# Got it done!



## stimmie78 (Dec 8, 2007)

So I still have a lot to learn shooting a traditional muzzy. I built the gun from a kit a couple years ago and thought I wanted to shoot slugs this time not patch and ball... Bad choice... fouls up too much between shots when in the field.. it was like i was shooting blanks..

I hunted 6 days of the season this year. I saw about a dozen or so bucks. Felt like I was shooting blanks at most of them. So on the last day of the season I decided I'd take my brothers white muzzy with the scope. I still want to shoot one with my kit gun. Maybe next time..

At approximately 7:10 PM Thursday night, which would be 7 minutes after sunset according to the GPS I shot at a two point.
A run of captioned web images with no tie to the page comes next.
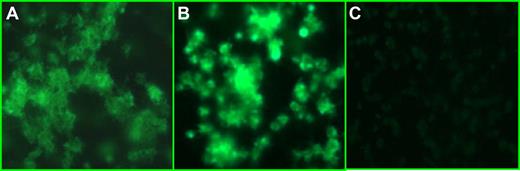 Figure 5. Plasma from patients induced platelet aggregation. Combination of patient plasma (panel A, patient 2; panel B, patient 3) with normal platelets induced CD62 expression on the platelet surface and aggregation not seen when normal heterologous plasma was added to the same platelets (C). The figure shows one representative experiment. Similar results were obtained using plasma from patients 1 and 4.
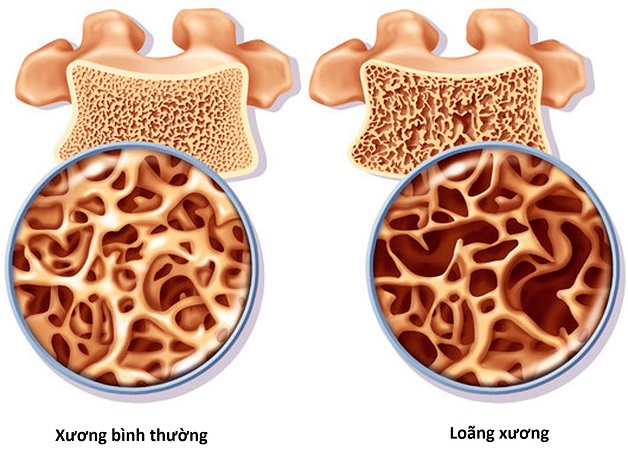 Cách nhận biết thiếu canxi và thời điểm nên bổ sung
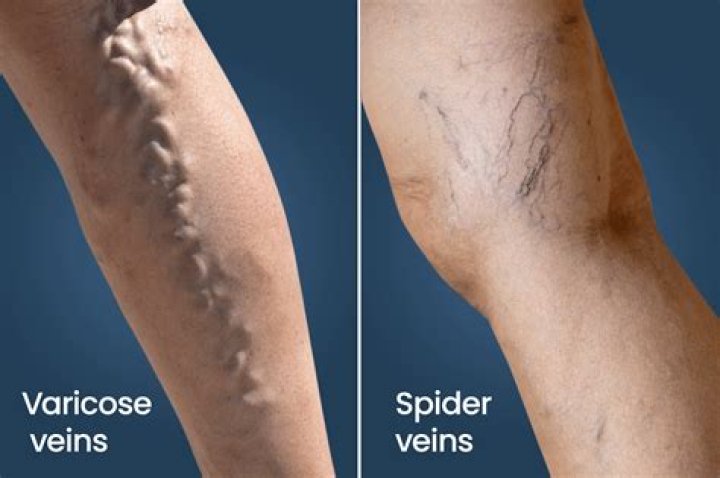 What Are Spider Veins And How Do You Get Rid Of Them?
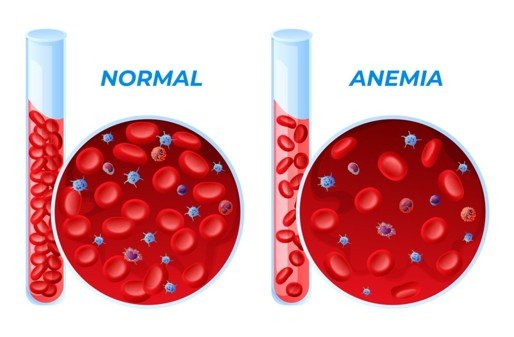 Mengenal Anemia dan Penyebabnya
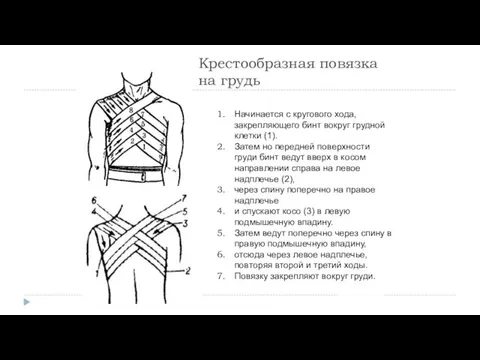 Крестообразная повязка на грудь Начинается с кругового хода, закрепляющего бинт вокруг грудной клетки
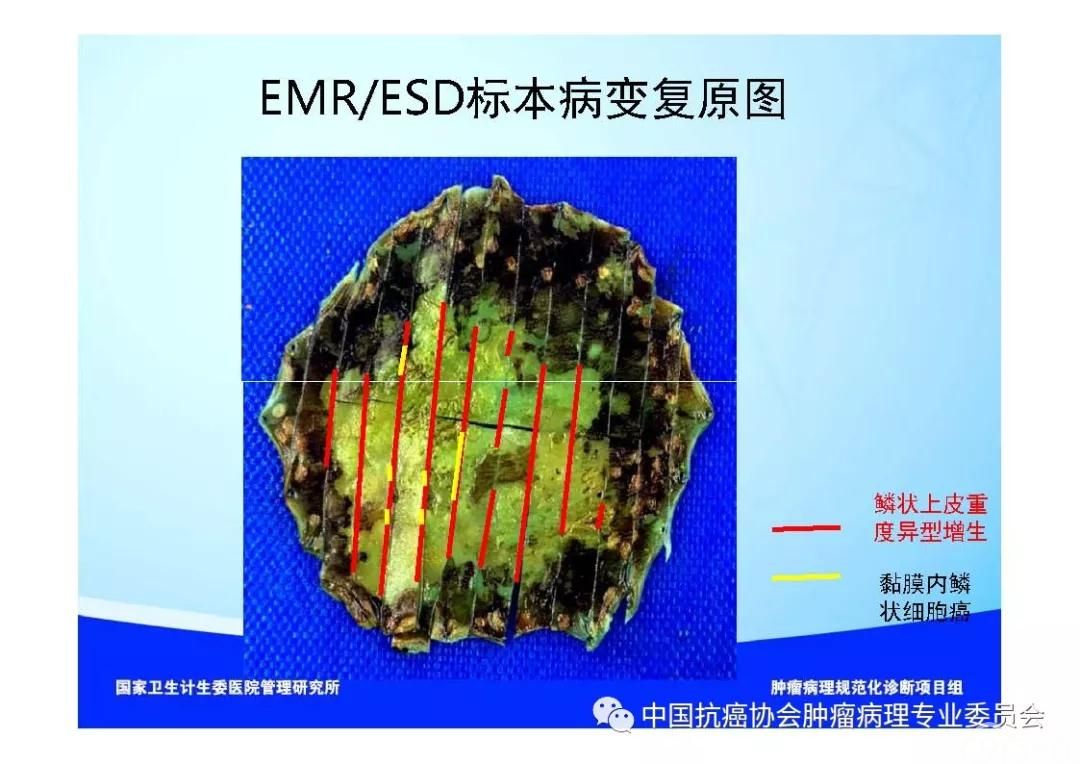 肿瘤病理规范化诊断标准 第7部分:食管癌病理诊断标准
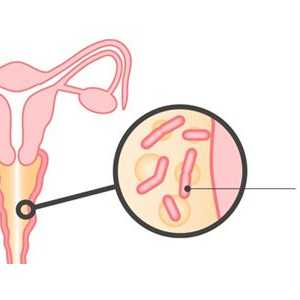 Dijagnoza i liječenje bakterijske vaginoze (bakterijska vaginoza)
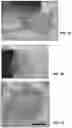 Fig. 08 - Prevention of reflux induced laryngospasm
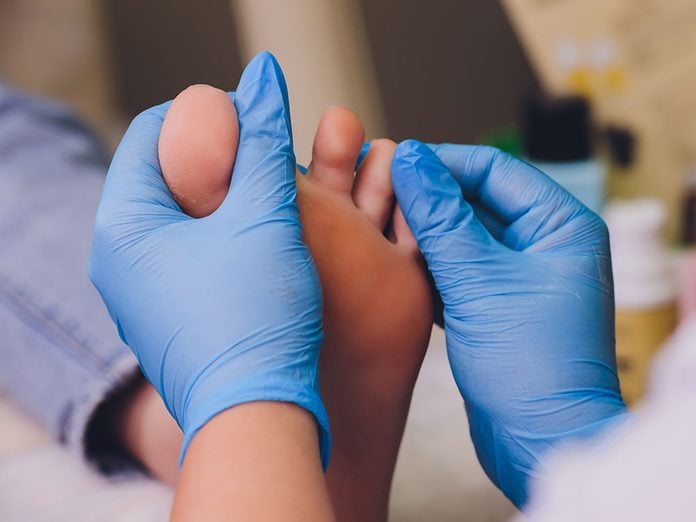 L’onychogryphose peut causer des ongles d'orteils très épais.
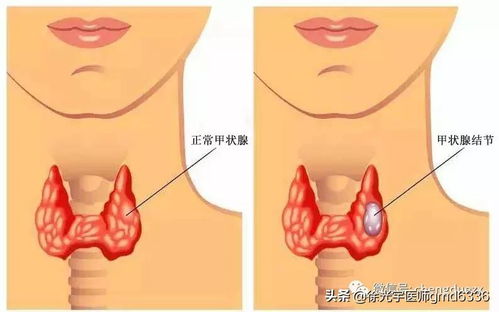 读完此文,甲状腺结节不再纠结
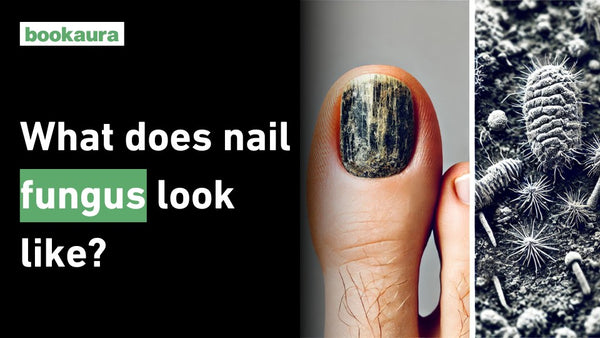 What does nail fungus look like?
At approx. 7:14 PM we found this:

Untitled by stimmie_78, on Flickr
The tracking has begun!!!

We followed the blood trail slowly. Losing it and having to go back to the last known spot and search harder. Finally we saw him laying on the ground still breathing a bit. I used my kit gun to dispatch him quickly and the time for work had begun.

Untitled by stimmie_78, on Flickr

Untitled by stimmie_78, on Flickr

It was a short 250 or so yard drag on a well used trail back to the main road. And then a 1/3 mile hike to the truck.

Granted he's not the biggest buck out there... He's not the smallest either. I saw lots that were bigger and couldn't connect. I couldn't even connect on smaller. But I finally did with this guy. He's my second buck I've shot. First with a muzzy! And it's meat for the freezer!

Maybe I'll get lucky enough to draw again next year.... Probably not though.. been every other year for me and my brother.


----------



## Mavis13 (Oct 29, 2007)

Nice work; congrats


----------



## martymcfly73 (Sep 17, 2007)

You look like satan with those red eyes  nice work though!


----------



## fishreaper (Jan 2, 2014)

I've always loved tracking blood in a weird way. It is like following a treasure map, sometimes leaving you stumped for an hour before having to make a gut decision and finding your treasure on a ridiculous whim or guess. Of course, sometimes leaving you to fail after all of that hard work. Sometimes its right under you nose. 

Great deer. "trophy" is an applicable word for any animal you take pride in, regardless of whether it has antlers or not, big or small. Maybe you'll get lucky and you and your brother will draw the same tag next year.


----------



## 35whelen (Jul 3, 2012)

congrats! he will taste great. especially after a short haul back in the cool evening. glad your hunt was a success


----------



## 35whelen (Jul 3, 2012)

I agree with fishreaper, nothing sweeter than seeing that first splash of bright red after you follow up after the shot. the anxiety melts away at the sight of it


----------



## RobK (Jul 3, 2008)

very nice .


----------